Key Value Description Required
url URL The URL of a Databricks workspace that services your organization. Yes
client-id string The client ID of the OAuth app created for Workbench. See Databricks configuration above. Yes
client-secret string The client secret of the OAuth app created for Workbench. See Databricks configuration above. Not always
name string An optional user-friendly name for this Databricks workspace. If not specified, Workbench will use the section header. No
Important

The client-secret key is required for all Azure Databricks configurations and for Databricks on AWS if the custom OAuth app integration was created with the confidential flag.

  • Reload the Workbench service for the changes to take effect:

    Terminal
    $ sudo rstudio-server reload
  • Verify that the Databricks configuration has been picked up correctly by logging into the homepage and clicking New Session.

    Databricks hosts in session launcher dialog

Workbench-managed credentials automatically refresh when sessions are actively using them.

Troubleshooting

Permission errors:

  • This integration relies on a properly configured OAuth client to work. When encountering permissions errors during the Databricks Sign-in flow from the home page, verify that the redirect URL is correct (and includes the schema) on the Databricks side and that the client-id and client-secret (if applicable) set in the databricks.conf file has been correctly copied from the OAuth app.

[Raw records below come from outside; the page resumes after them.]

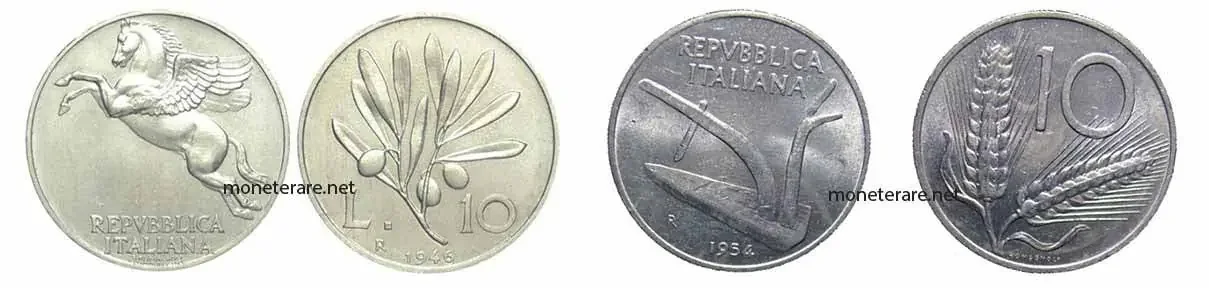 Die wertvollen italienischen Münzen von 10 Lire Olivo und Spiga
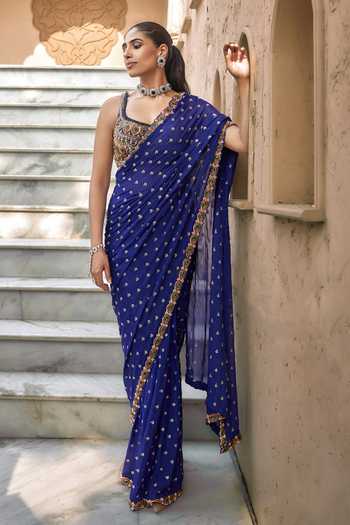 Nidhika Shekhar Indraneel Padma Embroidered Saree With Blouse 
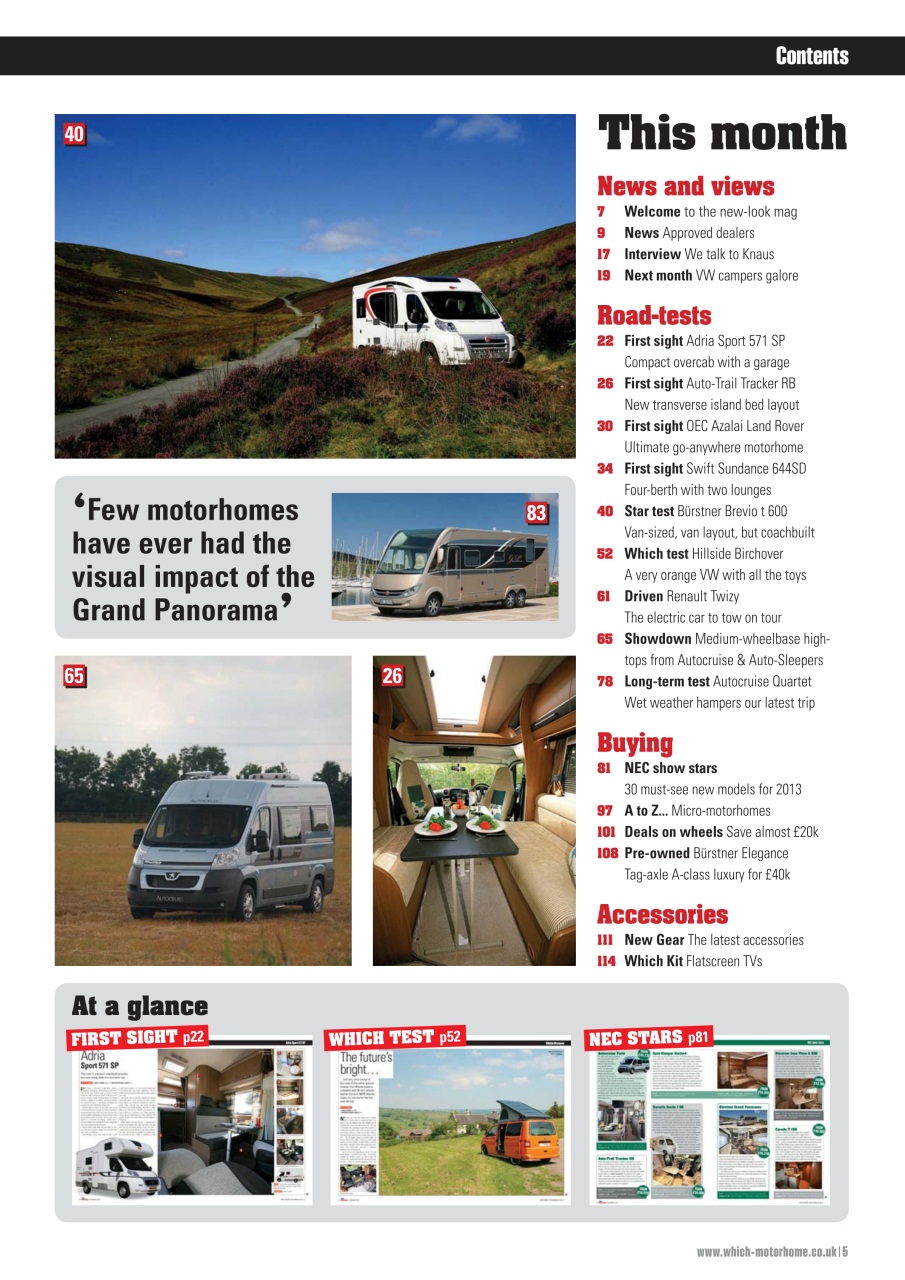 What Motorhome magazine Preview Pages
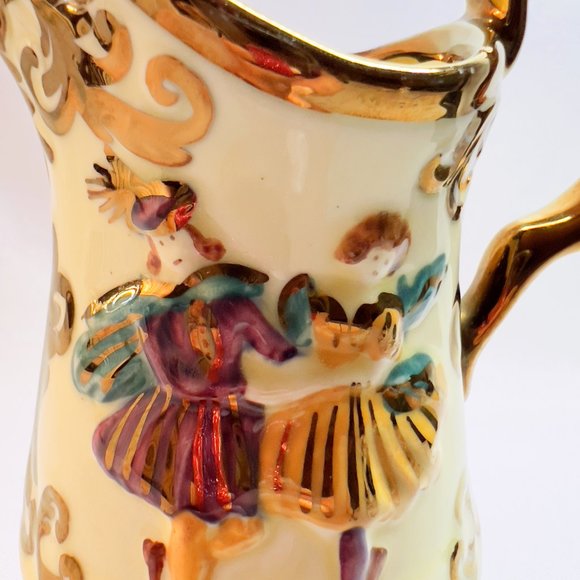 Vintage Wade Festival Creamer Ceramic Small Pitcher Embossed Dancing Couple 1950 - Picture 5 of 8
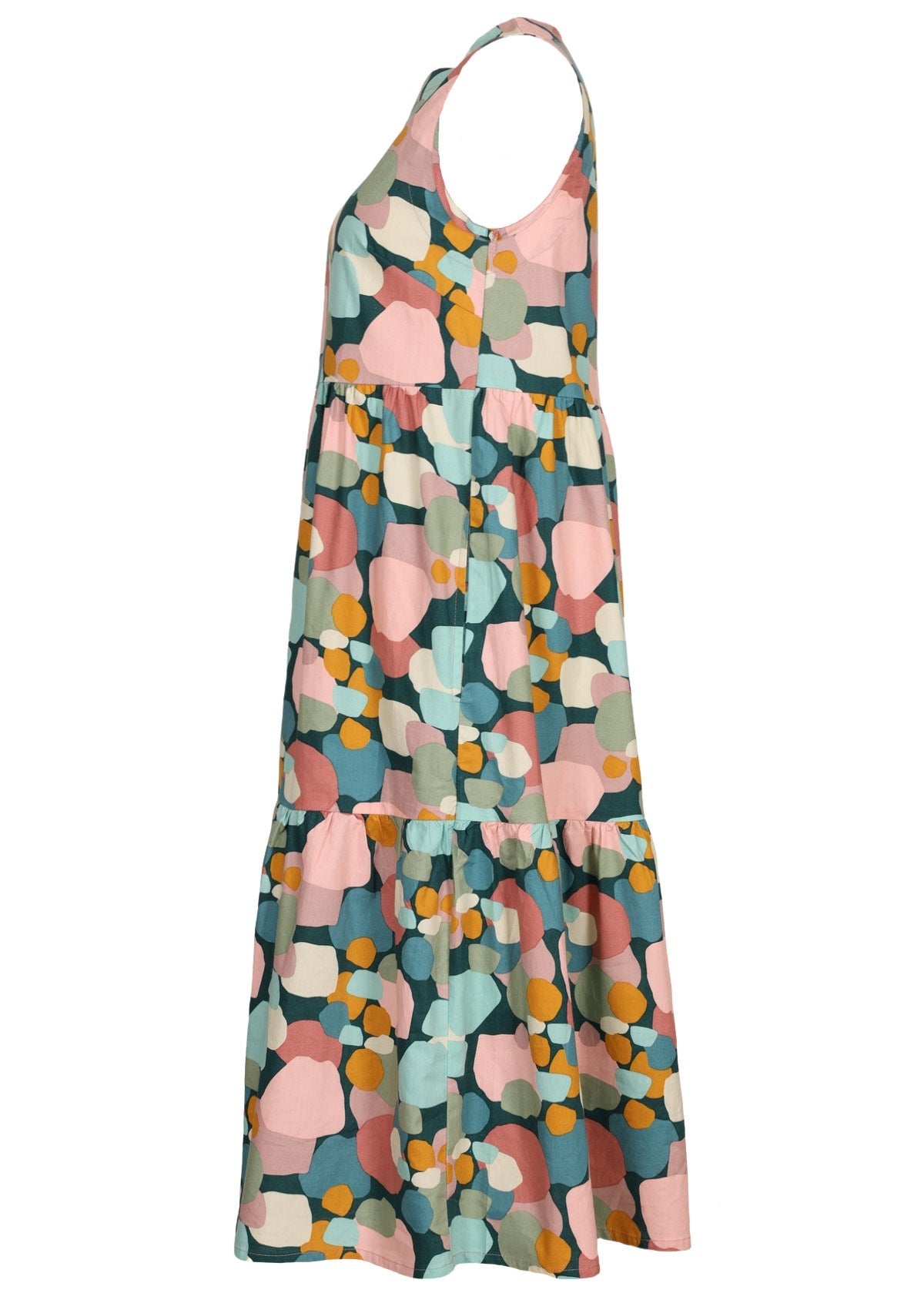 side view sleeveless midi dress in spot print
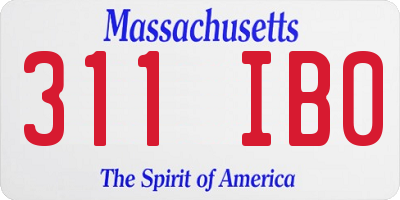 MA license plate 311IB0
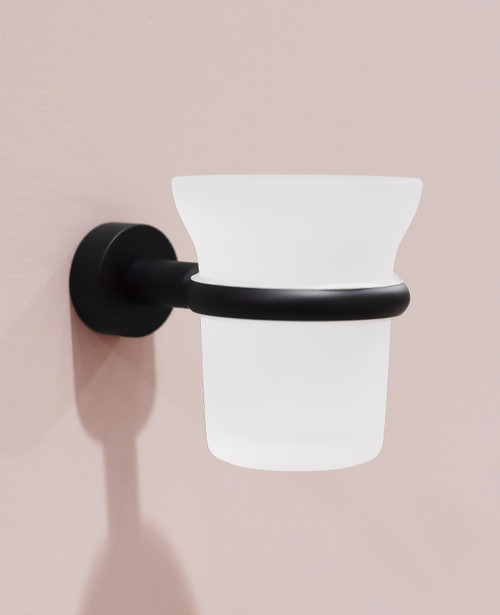Nero glass tumbler and holder satin black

Databricks-related environment variables:

  • End users configuring their own Databricks-related environment variables for a session may override or interfere with Workbench-managed credentials. We suggest that users who manage their own credentials select the None option for the Databricks workspace when launching sessions from the home page, which disables Workbench-managed credentials for that session.